David Roberts RA

David Roberts, R.A.

(1796-1864) 

 

 

Scottish painter. The son of a shoemaker, he was apprenticed to a house-painter. From 1816 until 1830 he was employed in the theatre to design and paint stage scenery, first in Edinburgh and Glasgow and after 1822 in London. While in Scotland he met and worked with Clarkson Stanfield and later collaborated with him in London on dioramas and panoramas. 

Roberts exhibited his first easel painting in London in 1824 and at the Royal Academy in 1826 (View of Rouen Cathedral, no. 221; untraced). 

In common with other contemporary painters of picturesque topography and architecture, such as Stanfield, J. D. Harding and James Holland, Roberts undertook journeys abroad in search of exotic or impressive subjects. He made his first visit to Spain in 1832-3, one of the first British artists to travel there. From Spain, Roberts briefly visited Morocco; later he made watercolours from sketches by other artists for engraving in T. H. Horne's Landscape Illustrations of the Bible (1836). These encounters with the oriental world, in the context of contemporary interest in exotic places, especially the lands of the Bible, encouraged him to undertake a tour of the Near East in 1838. He was one of the first independent and professional British artists to experience the Orient at first hand. 

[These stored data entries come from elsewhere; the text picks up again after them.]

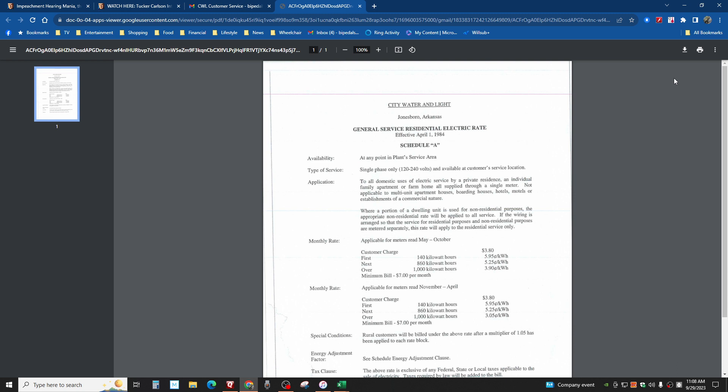I called them today and asked them what the rate actually was before the energy adjustment factor. Every month they do an energy adjustment cost, and here's what they said: Let me just email it to you because it depends on how much you use and some other things, and it's different depending on the month. I said okay, here's what I got.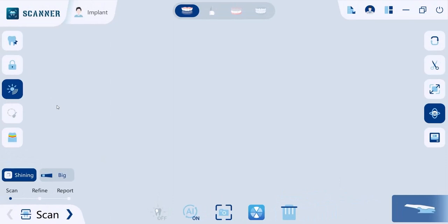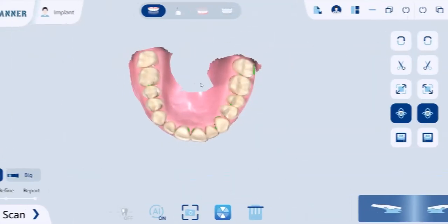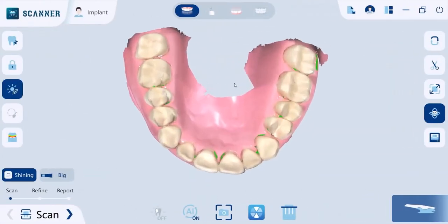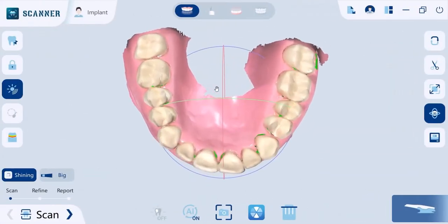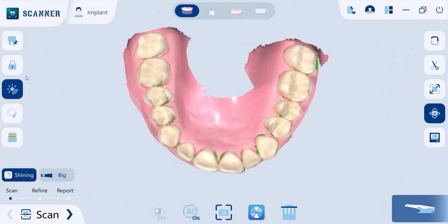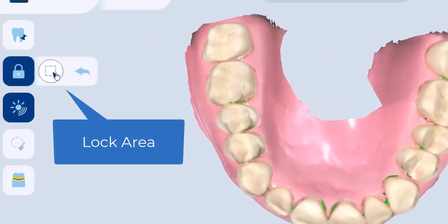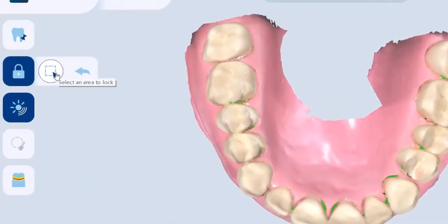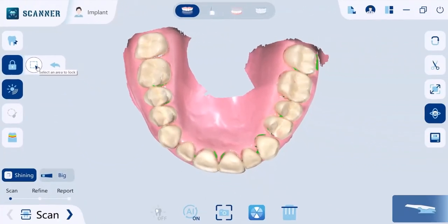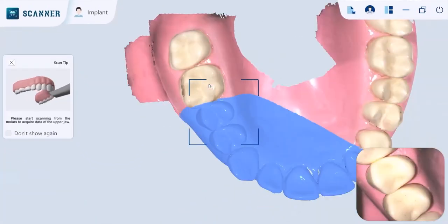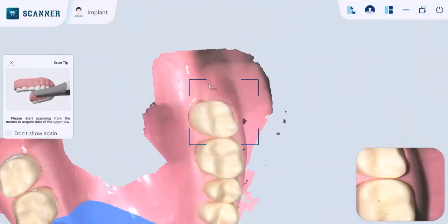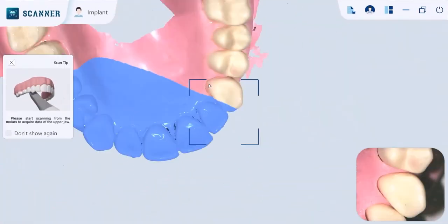During scanning, if you want to keep a certain area on the model without further updates, you can use the Lock Area tool to prevent it from being updated by additional scanning. As you can see here, the blue area does not change.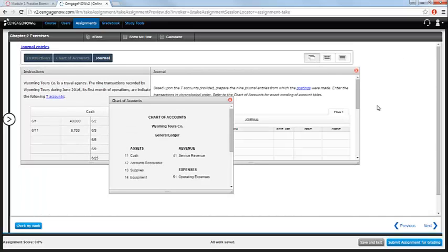As you are working through the questions, you can periodically check your work by clicking the blue Check My Work button. This will let you know if your answers are correct or incorrect and provide you with some feedback.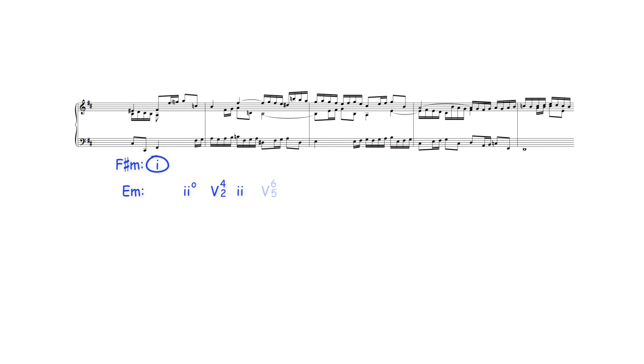Harmonically, after this initial F sharp minor harmony, this section uses primary triads and supertonic harmony to move through the keys of E minor and G major and concludes with the G major theme entry beginning in bar 19.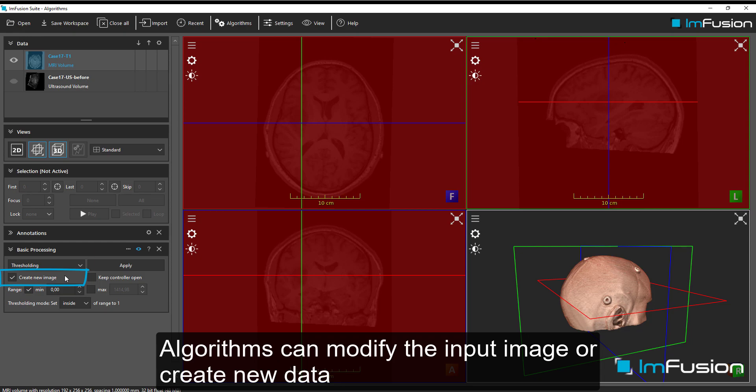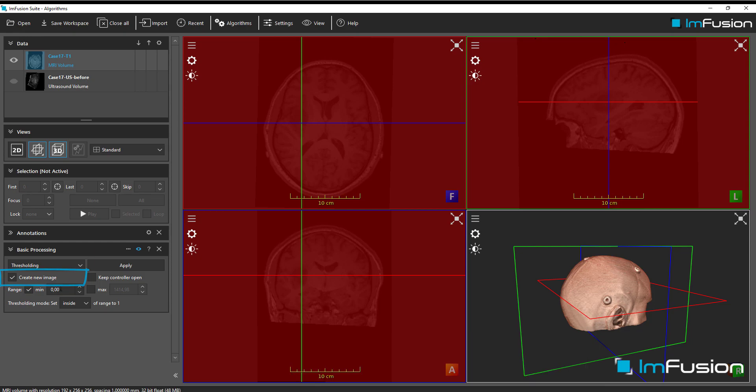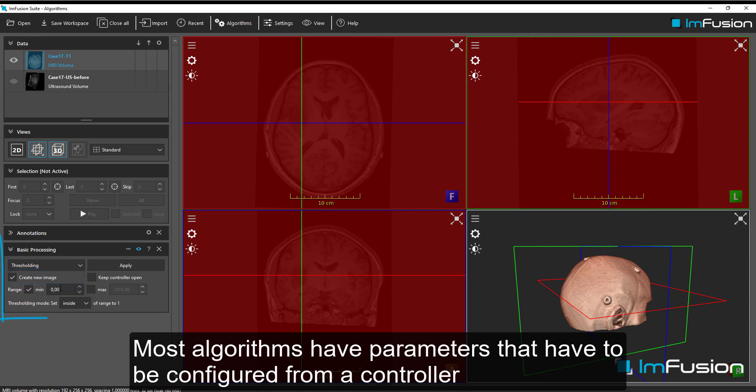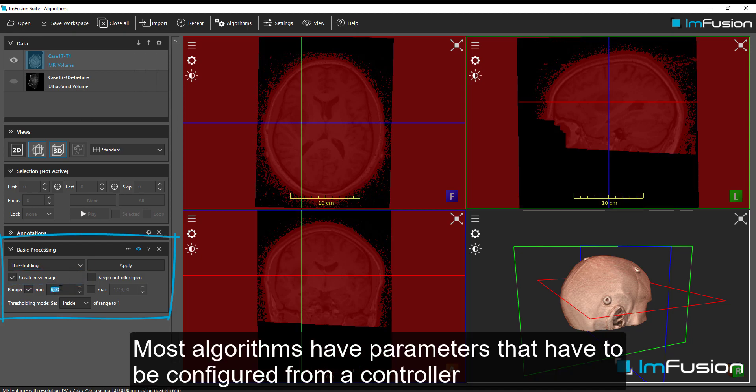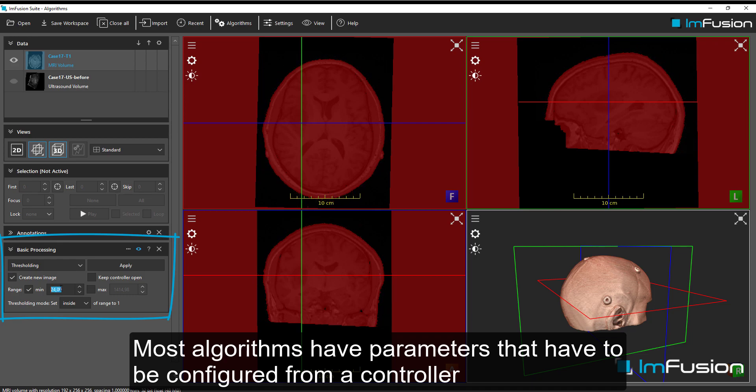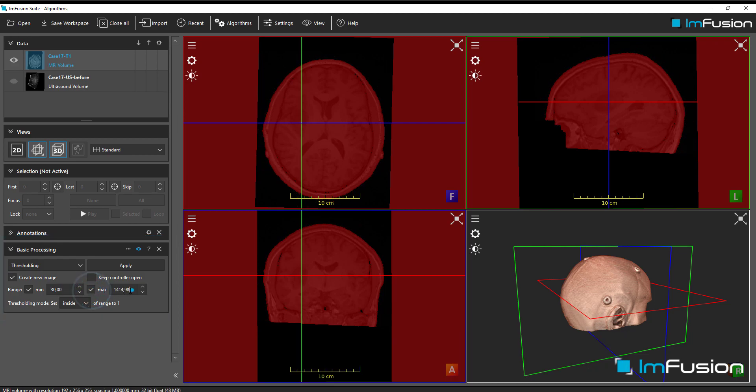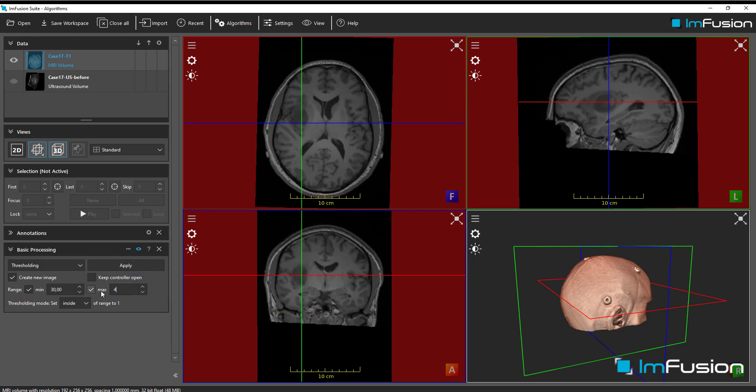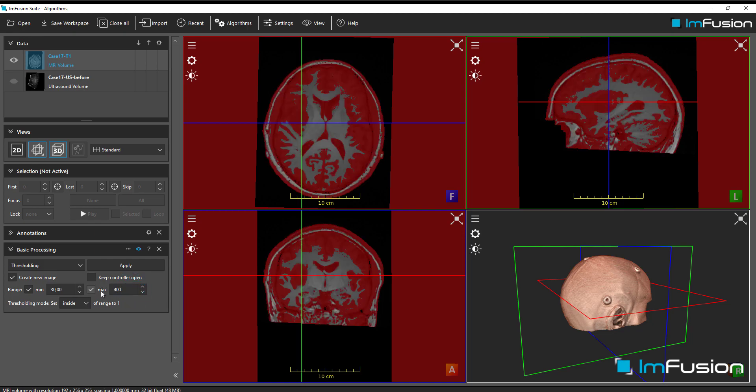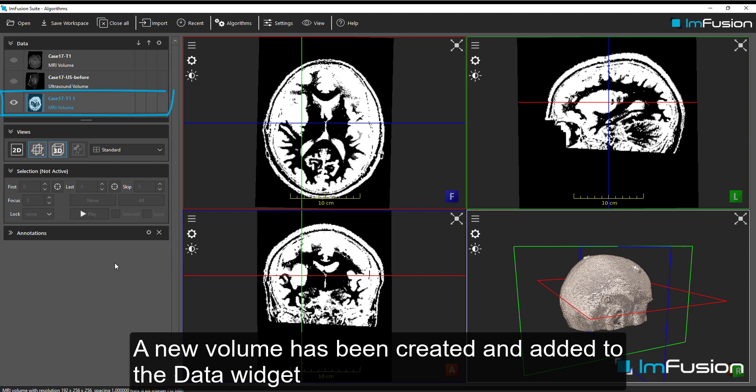Algorithms can modify the input image or create new data. Most algorithms have parameters that have to be configured from a controller. A new volume has been created and added to the data widget.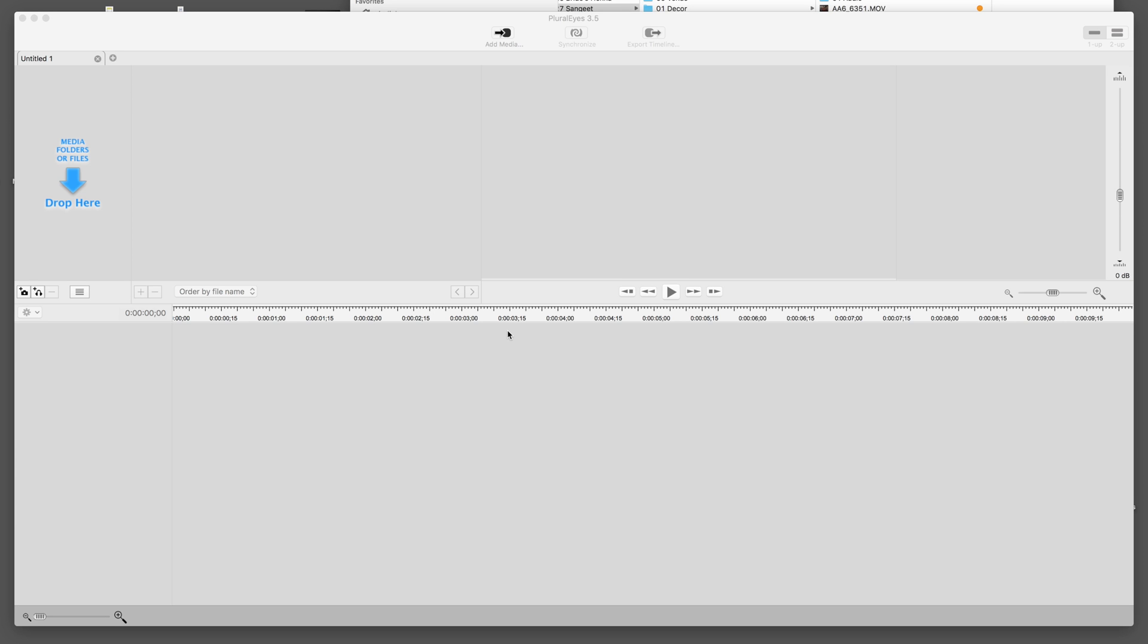So today I'm going to do a quick tutorial, just a walkthrough of how I synchronize footage that is multi-frame rate.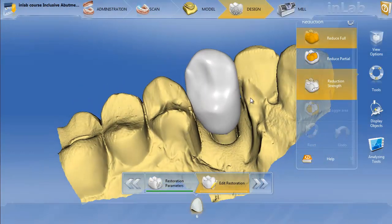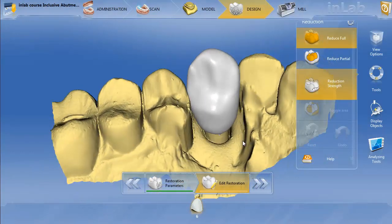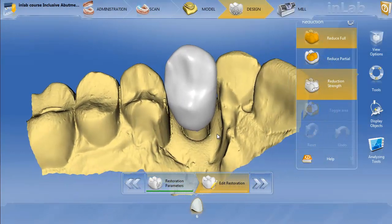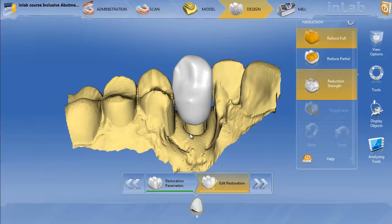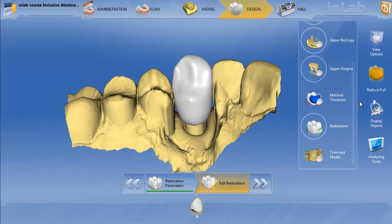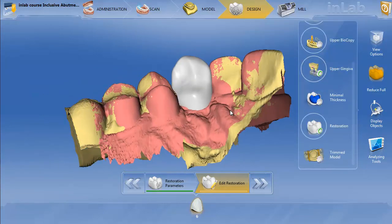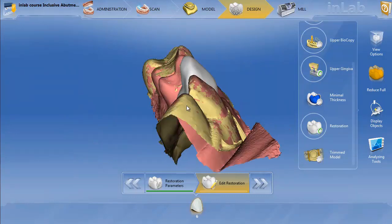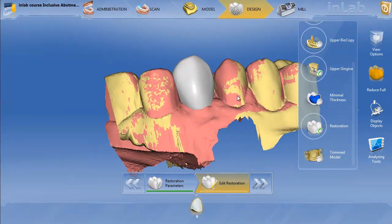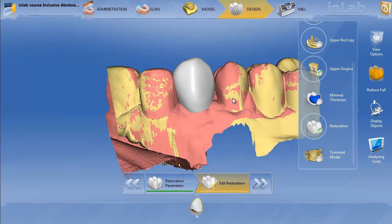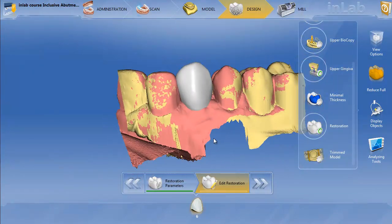So now I'm back to my original restoration. I did this with the gingiva mass, so if I want to go ahead and turn on my gingiva, you can get an idea of where the emergence profile is.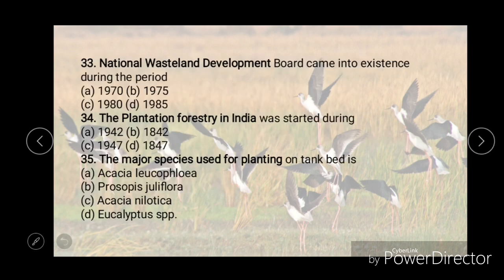National Wasteland Development Board came into existence during the period of — options are 1970, 1980, 1975, or 1985. And the right answer is D, that is 1985.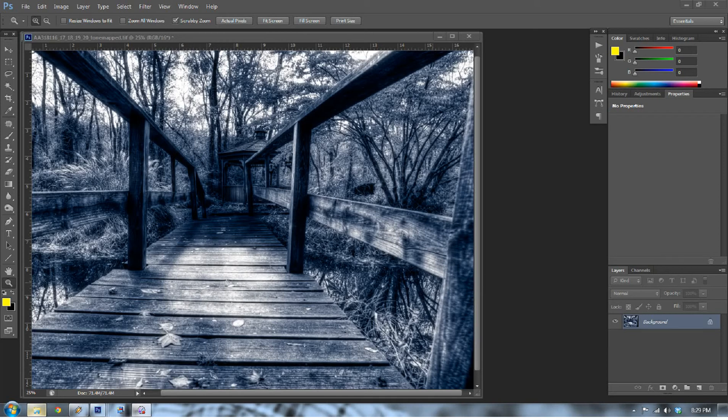Hello, welcome to everydayhdr.com. My name is Blake Rudis and today I want to talk about two things: number one, a cyanotype, and number two, an action, and more importantly, creating a cyanotype action.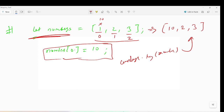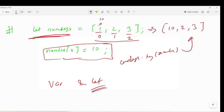To summarize the last video and this video: let allows modification of the content of an object or array and also allows reassignment to a new object or array. But with const, it prevents reassignment of the variable but allows modification of the content of the object or array. This is the major difference between var, let, and const. Thank you for watching, I'll see you in the next lecture.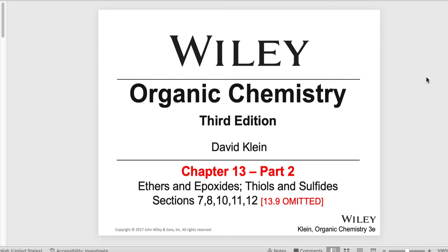A very warm welcome to this presentation. I'm Dr. Schoffers, and I will spend some time to discuss selected topics in Chapter 13.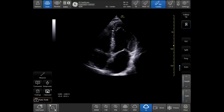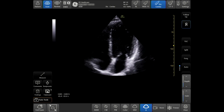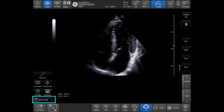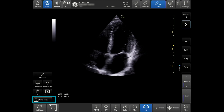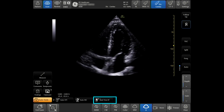Scan the patient to obtain a four-chamber view. Tap Auto Tools on the bottom left corner of the touchscreen and then tap Real-time EF.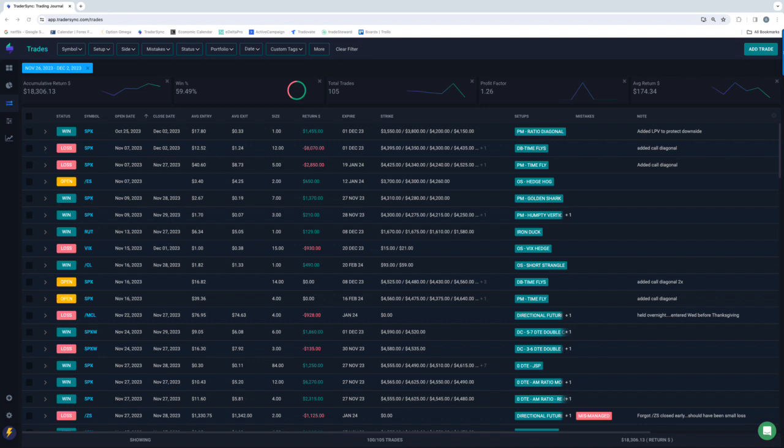I'm going to skip the market update. Obviously, stocks kind of chopped sideways and then had a big push up on Friday with continued volatility contraction. So continuing to deal with that premium erosion, but still doing okay.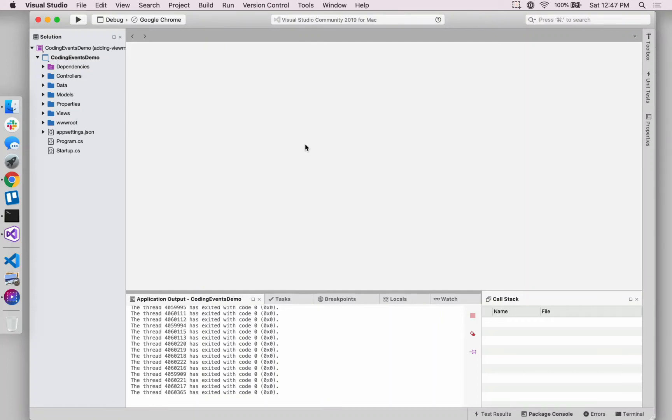Hi, it's Carly with LaunchCode. In this video, we're going to be adding in a view model into our Coding Events MVC application.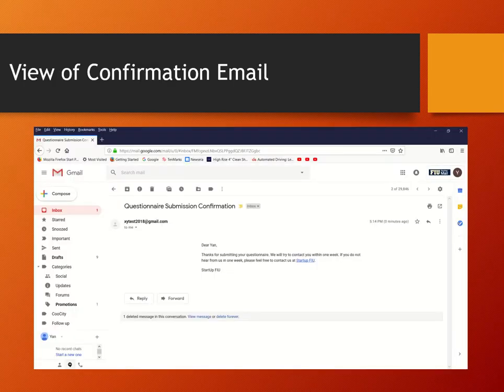This is the last slide of this video. It shows the view of the confirmation email. Thank you.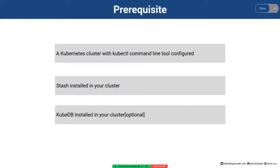You need to have Stash installed in your cluster and optionally you need to have KubeDB installed in your cluster. This step is optional.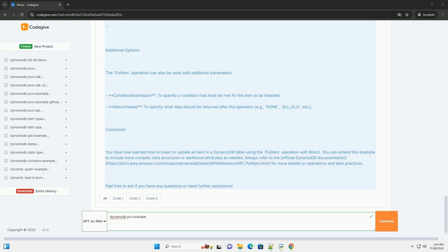Step 1: Install Boto3. If you haven't already, install the Boto3 library. You can do this using pip. Step 2: Set up AWS credentials. Set up your AWS credentials. You can do this by creating a credentials file in /.aws/credentials with the following format.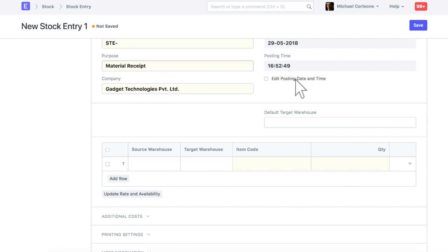Update posting date and time as needed. Select a warehouse in which opening stock is to be updated.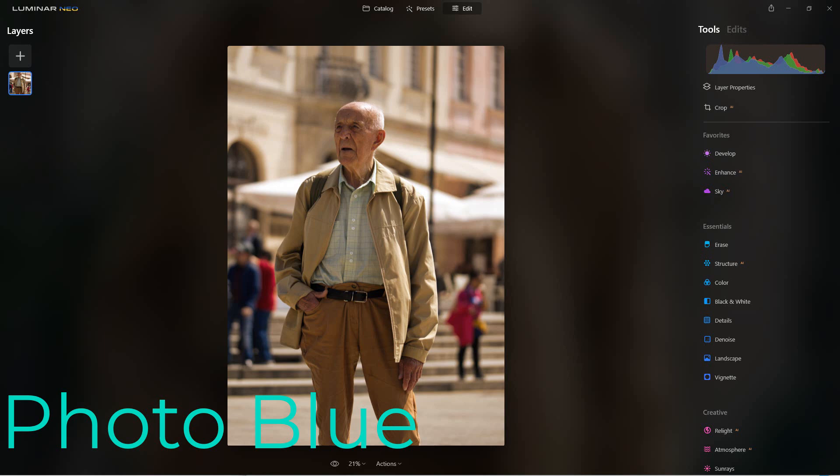Hey everybody, this is Dean and welcome to PhotoBlue. Today I thought I'd discuss removing and replacing backgrounds in portraits using Luminar Neo.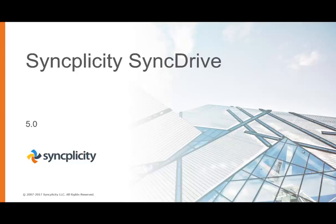Hello, this is Margot Wollex from Syncplicity, and today I'd like to tell you a little bit more about Syncplicity SyncDrive.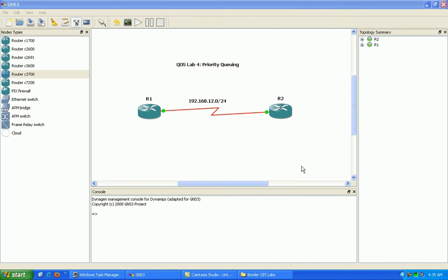In particular, within QoS, we're going to be taking a look at priority queuing. We're going to be taking a look at how to configure priority queuing between two routers and its characteristics. We're also going to be doing some debug and show commands to verify our output.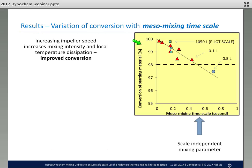Now let's return to our original plot of conversion of starting material as a function of mesomixing timescale. We are really confident that within the confines of the lab scale reactor, the pilot scale, and manufacturing scale, it is truly a scale-independent parameter. We can interpolate in between in order to get good estimates of the mixing timescale and ensure that the reaction is run properly.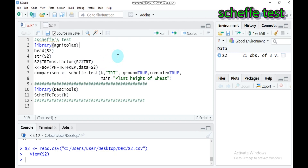Most statisticians advise using the Scheffé test for post-hoc testing — meaning it only makes sense to use it after a significant omnibus analysis of variance. If the analysis of variance does not provide evidence of significant difference among the means, there is no need to conduct a follow-up test looking for those differences. For post-hoc testing of many comparisons, it makes sense to use the Scheffé test. For post-hoc testing of only a few comparisons, the Bonferroni correction might be the better choice.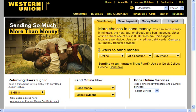As you can see here, three ways to send money: online, at a location, or by phone.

Roberts arrived in Jerusalem at Easter 1839, having travelled from Egypt via Sinai and Petra; later he continued north to Lebanon and departed from Beirut in May. His drawings show his ability to create visually effective compositions from a variety of subjects. 

Roberts's eastern compositions reached a wide audience through 247 lithographs made by Louis Haghe. Originally published in parts, these were later bound into six volumes as The Holy Land, Idumea, Arabia, Egypt and Nubia (1842-9. 

He was elected ARA in 1838 and RA in 1841.